Lapping is a loose abrasive process employed to remove very small quantities of materials leading to a good surface finish. This research makes several investigations on the lapping process, both qualitative and quantitative. Lapping has been in existence for several decades and yet remains more of an art rather than a science. The principal objective is to create a scientific basis to the study of lapping common metals with common abrasives. The important goals are to study friction, material removal rate, roughness, surface characterization, redox chemistry, burn, and microvoids during flat lapping of aluminum 2024, 304 stainless steel, and 1018 steel. The effects of different abrasives: garnet, silicon carbide, and white aluminum oxide were studied experimentally while lapping aluminum 2024, 304 stainless steel, and 1018 steel.

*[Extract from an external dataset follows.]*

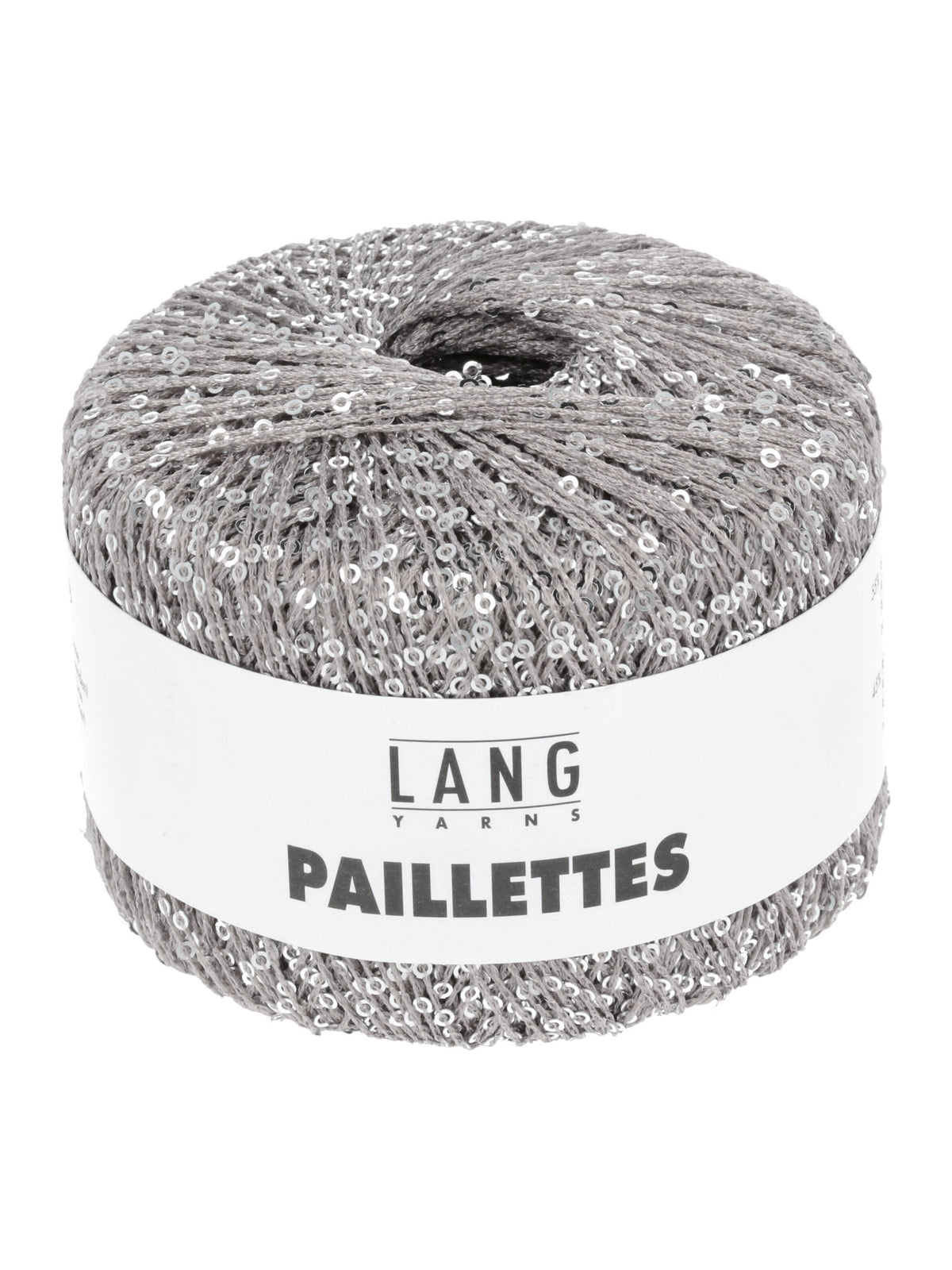 PAILLETTES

In addition, the area of lapped parts, unfinished zones, and scratched zones were determined using image analysis. Although the aim of lapping is to improve surface finish, sometimes parts are rejected after lapping because of burn, friction, incomplete lapping, scratches, microvoids, and wear. Scratches may be caused by excessive load, low supply of abrasive slurry, or high friction and burn may be caused by excessive load. Uneven distribution of load occurs when the lapping table is not flat, but rather concave or convex in shape. The factors that cause burn, scratches, and incomplete lapping should be minimized.
A new method is proposed for calculation of frictional force during lapping using the current consumed in the process. The effects of different abrasives on material removal rate and surface finish on three different types of work materials were evaluated quantitatively. It was found that silicon carbide and white aluminum oxide abrasives removed more material per minute than garnet. Furthermore, from geometric and Energy Dispersive Spectroscopy (EDS) analysis obtained using a Scanning Electron Microscope (SEM), it was confirmed that some abrasives became embedded into the lapped metal substrates. No burn was observed on the lapped samples. Scratches and unfinished lapped parts were observed primarily in 304 stainless steel. There were little or no scratches found on lapped Al 2024 and 1018 steel.
Based on the net cell reaction potentials using the Nernst equation, the possible reactions during the lapping process are reactions between magnesium and its hydroxides and white aluminum oxide abrasive. Also, SiO2 from SiC abrasives oxidized Al, Mn, Mg, and Ti in Al 2024 as well as Mn in 304 stainless steel, and Al and Mn in 1018 steel. Analysis of Variance (ANOVA) was performed using Statistical Analysis Software (SAS™ 9.1) in order to determine the effects of each variable. ANOVA results revealed that the main effects of abrasive types, size of abrasives, and type of work material had statistically significant influence on material removal rate and surface finish.